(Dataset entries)
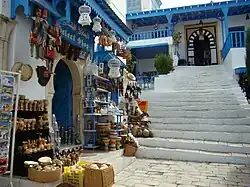Die Hauptstraße mit Souvenirladen und Café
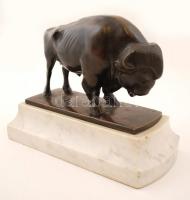 Bory Jenő (1879-1959): Bölény, bronz szobor, alabástrom talapzaton, jelzett, m: 17 cm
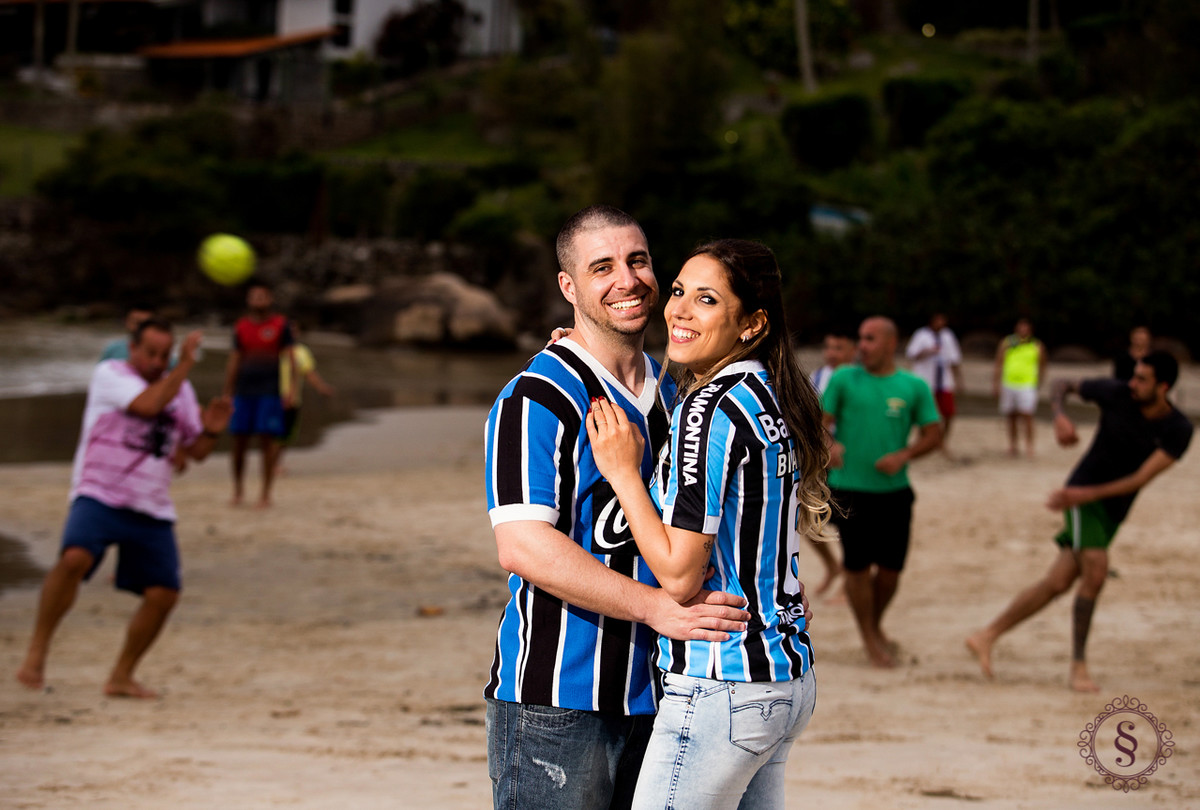 casal com camiseta do grêmio na praia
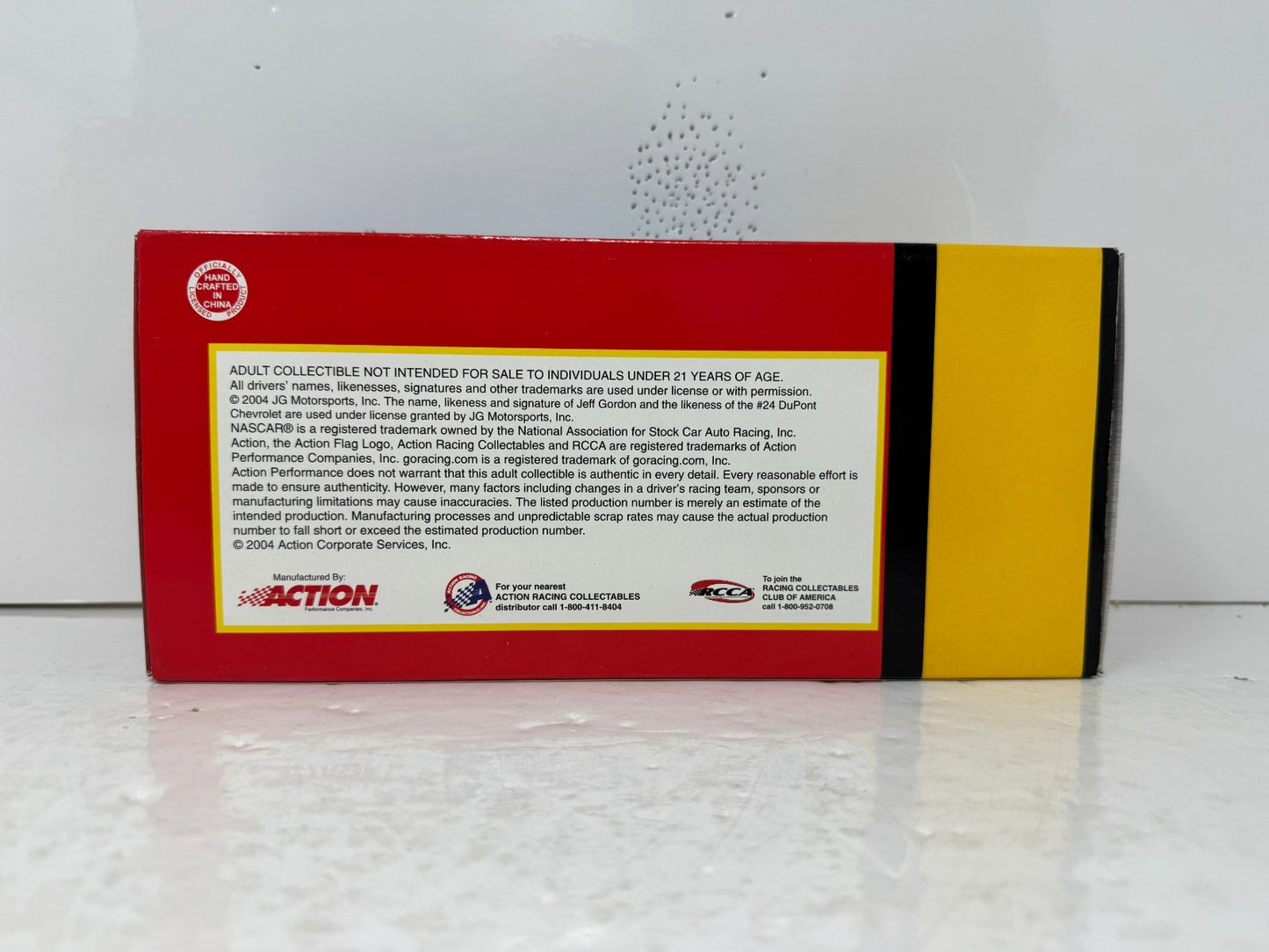 Action Nascar #24 Jeff Gordon DuPont NEXTEL Inaugural Season 2004 1:24 Diecast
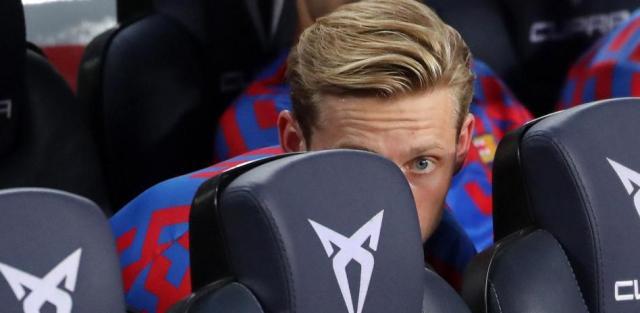 足球比分-德容一战翻盘回主力？皮克等退役？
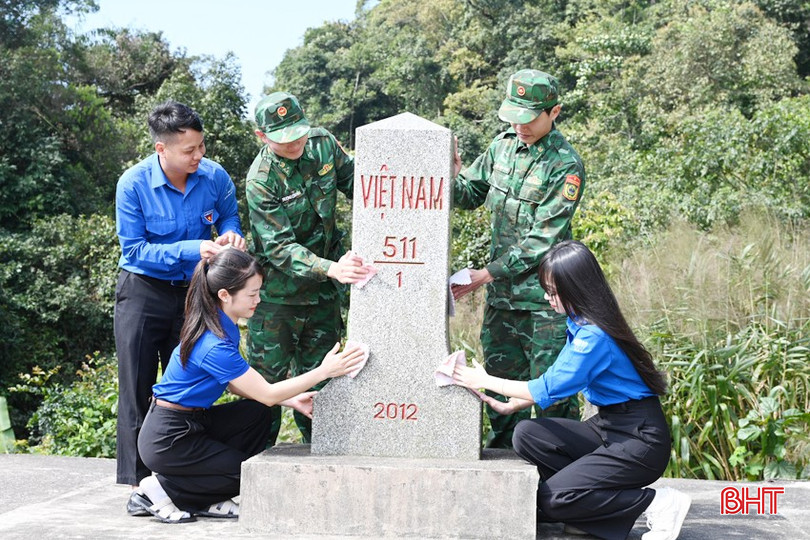 BĐBP Bản Giàng và đoàn viên thanh niên xã Hương Vĩnh (Hương Khê) cùng bảo vệ, bảo quản cột dấu trên đường biên giới. bqbht_br_dsc-0068-copy.jpg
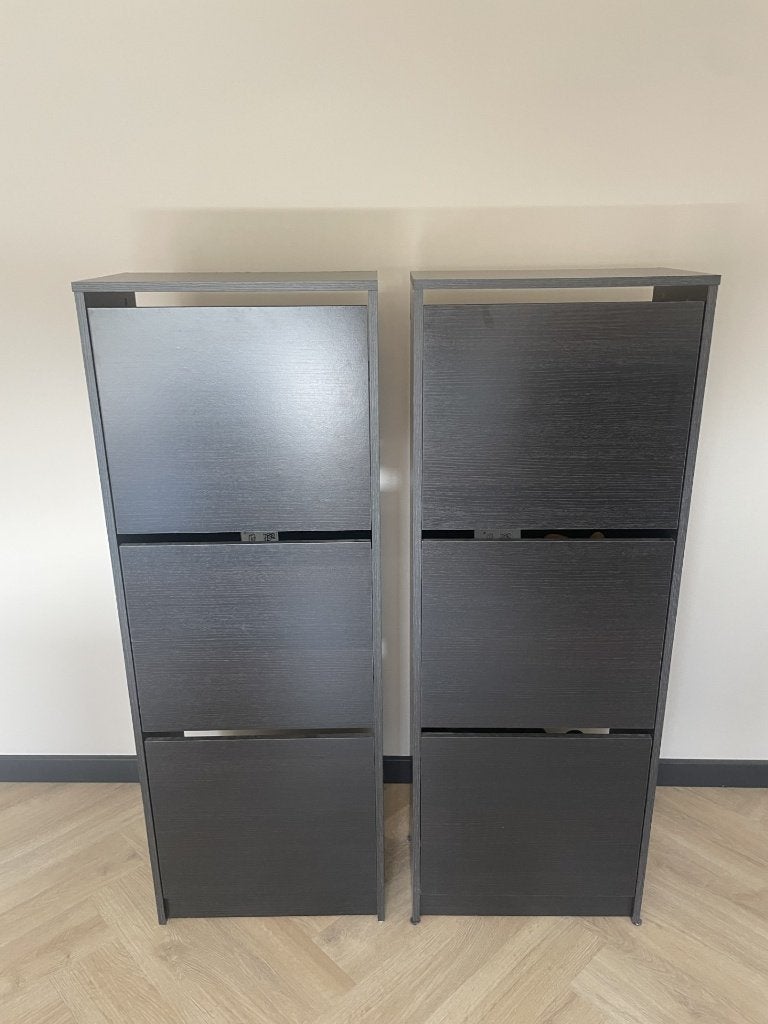 2x BISSA Schoenenkast 3 vakken - zwartbruin 49x28x135 cm, Huis en Inrichting, Kasten | Schoenenkasten, Ophalen, Zo goed als nieuw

== Your assignment ==
Find the line containing "BĐBP Bản Giàng", then extract it and every line after it to the end of the data above, exactly and nothing else, without pictures.

== Written solution ==
 BĐBP Bản Giàng và đoàn viên thanh niên xã Hương Vĩnh (Hương Khê) cùng bảo vệ, bảo quản cột dấu trên đường biên giới. bqbht_br_dsc-0068-copy.jpg
 2x BISSA Schoenenkast 3 vakken - zwartbruin 49x28x135 cm, Huis en Inrichting, Kasten | Schoenenkasten, Ophalen, Zo goed als nieuw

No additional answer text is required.